Pore-scale network models

The Celia Group also has funding from the National Science Foundation to support mathematical developments related to CO2 modeling on very small scales. One aspect they are studying is hysteresis and phase trapping, with a focus on trapping models for nonwetting phases, including CO2. To understand how trapped nonwetting fluids evolve as a function of phase saturation, they are using pore-scale network models to simulate two-phase displacement and extracting a wide range of information about trapped nonwetting fluids. This information is being used to compare and test existing theories as well as new theories that include explicit representation of trapped phases.

In a project funded by the Department of Energy, with Catherine Peters as the lead PI, Celia and colleagues are using pore-scale network models to simulate reactive transport including dissolution and precipitation associated with carbonated brines injected into carbonate formations (Figure 8). These models provide insights into conditions under which dissolution, precipitation, or a complex combination of the two will occur, with associated calculations of changes in porosity and permeability. Like the two-phase hysteretic relationships, the response of porosity and permeability to geochemical reactions shows non-uniqueness, implying a complex relationship that depends on additional subscale factors.

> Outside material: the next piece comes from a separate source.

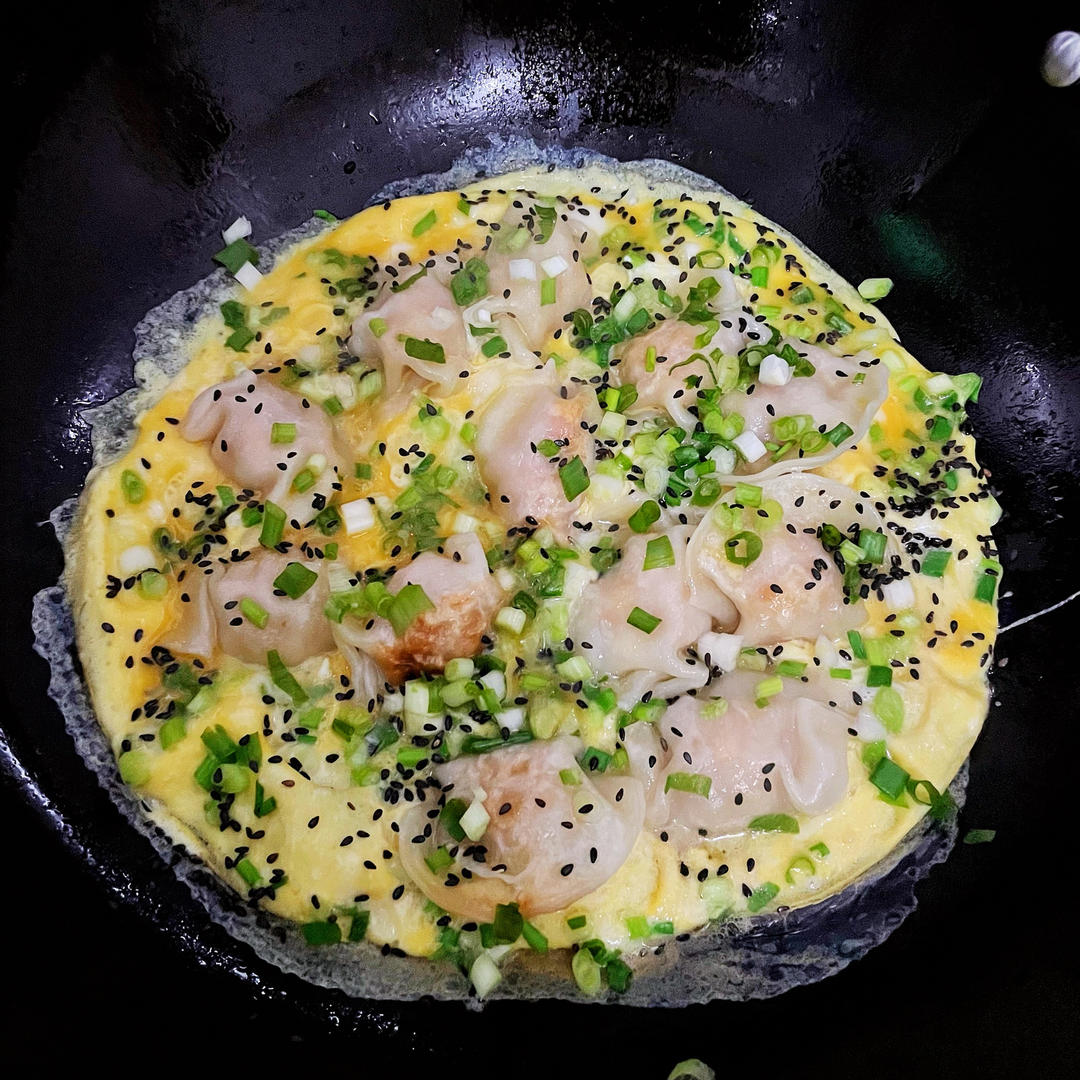 抱蛋煎饺，让速冻饺子好看又好吃～蘸醋吃爱了爱了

Figure 8. Results from single‐phase reactive pore‐scale network models showing (a) pore network, (b) evolution of permeability and porosity for different invasion conditions, and (c) evolution of permeability as a function of injected pore volumes. Figure from Nogues et al. (2012).

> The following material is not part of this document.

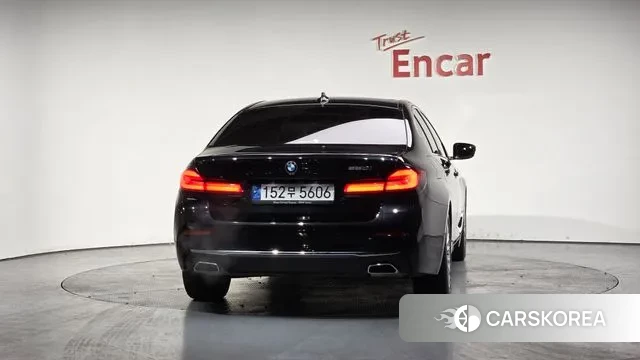 BMW 5 Series (G30) id 3555476 из Кореи 13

Bench-scale investigations of multiphase flow

Carbon sequestration raises new questions regarding multiphase flows in porous media, which the Stone Group is investigating with a combination of bench-scale laboratory experiments and theory. The group is investigating four distinct scenarios: (i) two-phase injection flows with permeability gradients in the flow direction, (ii) two-phase invasion flows in a parameter space expected for CO2 injection, including the influence of vertical gradients of permeability, (iii) leakage from a porous medium, and (iv) buoyancy-driven flows driven by dissolution of one phase in a second phase, with the parameter space comparable to that expected for carbon sequestration. The group’s work on micron-scale processes is providing new insight into the controls on CO2 transport and dissolution, which can be used to inform large-scale models for predicting the fate of CO2 in injection reservoirs.

Impacts of permeability gradients on flow stability

In heterogeneous media, it is well known that when a fluid of high viscosity displaces a less viscous fluid, the interface can still be unstable and exhibit finger-like patterns due to capillary fingering. For two-phase injection flows with permeability gradients in the flow direction, the Stone Group has shown that surface tension triggers a new type of hydrodynamic instability (analogous to the traditional form of “viscous fingering”) relevant to flows in model porous materials. Using a Hele-Shaw configuration of two parallel plates, the researchers showed that, for given parameters, there is a critical speed (or capillary number) for which the flow is either stable or unstable. The researchers found that a dimensionless parameter, Ca (the ratio of the permeability gradient to a traditional capillary number) determines the stability of the interface (Figure 9).

Figure 9. a) Schematic of the Hele‐Shaw experimental apparatus and b) the results from the two‐phase injection experiment with a permeability gradient in the flow direction (Cac from theory is shown). Height of apparatus is 1.4 cm at right, length is approximately 40 cm, and width (not shown) is 5.1 cm.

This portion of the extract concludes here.